SAA China Released Videos Showing Experiences Of Sex Slaves
The State Archives Administration (SAA) of China released documentary videos showing the lives of sex slaves under the hands of the Japanese during World War II. At the anniversary of Japan's surrender, China uploaded the eight-part series of videos on its website on Aug. 15.
During World War II, Japan invaded northeast China in July 1937 and left 35 million soldiers and civilians injured or dead. On the other hand, 200,000 women were turned into sex slaves against their will by the Japanese soldiers and were called "comfort women."
Today, only a small number of these women remain alive and not all of them have publicly recounted their experiences. The rest of the thousands have already died taking their memories of slavery with them without any compensation from the Japanese.
"These horrific, institutionalized acts of violence committed by Japanese invaders, rarely seen in the history of human civilization, constitute state crimes and a gross violation of the human rights of the victimized women," said SAA on its website.

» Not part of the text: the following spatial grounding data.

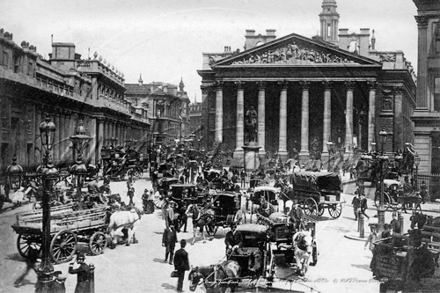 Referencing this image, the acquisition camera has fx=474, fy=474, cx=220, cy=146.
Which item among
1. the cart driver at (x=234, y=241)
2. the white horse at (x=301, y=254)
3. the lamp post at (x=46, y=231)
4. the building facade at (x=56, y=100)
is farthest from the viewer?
the building facade at (x=56, y=100)

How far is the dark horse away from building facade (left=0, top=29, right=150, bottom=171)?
885cm

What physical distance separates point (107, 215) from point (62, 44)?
139ft

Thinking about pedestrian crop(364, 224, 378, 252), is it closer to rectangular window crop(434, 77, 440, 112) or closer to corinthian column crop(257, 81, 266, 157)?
rectangular window crop(434, 77, 440, 112)

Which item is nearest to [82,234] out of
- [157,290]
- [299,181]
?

"They are some of the most painful chapters in the annals of history."
Ebato Tsuyoshi, a Japanese war criminal, recalled in the video how a sergeant killed his slave for food because of supply shortage. He shared with his men, saying it was regular meat from the headquarters.
On the other hand, Huang Huifeng, owner of a three-story house in Nanjing, accused Japanese Hideyoshi Nobuyoshi of forcefully taking over his house after he and his family fled during the war.
"Nobuyoshi opened a private club at my house, which contained a brothel holding comfort women and serving Japanese soldiers," Huang said.
In one of the reports from February 1938, commander of the Japanese Military Police Brigade for central China Shigeru Oki revealed that 25,000 Japanese soldiers at Nanjing were given 141 sex slaves - a shocking 1:178 ratio.
SAA was able to publish 31 confessions that were handwritten by Japanese war criminals. Some unreleased confessions recount crimes committed by the Japanese such as enslavement, poisoning, and using chemical and biological weapons on humans.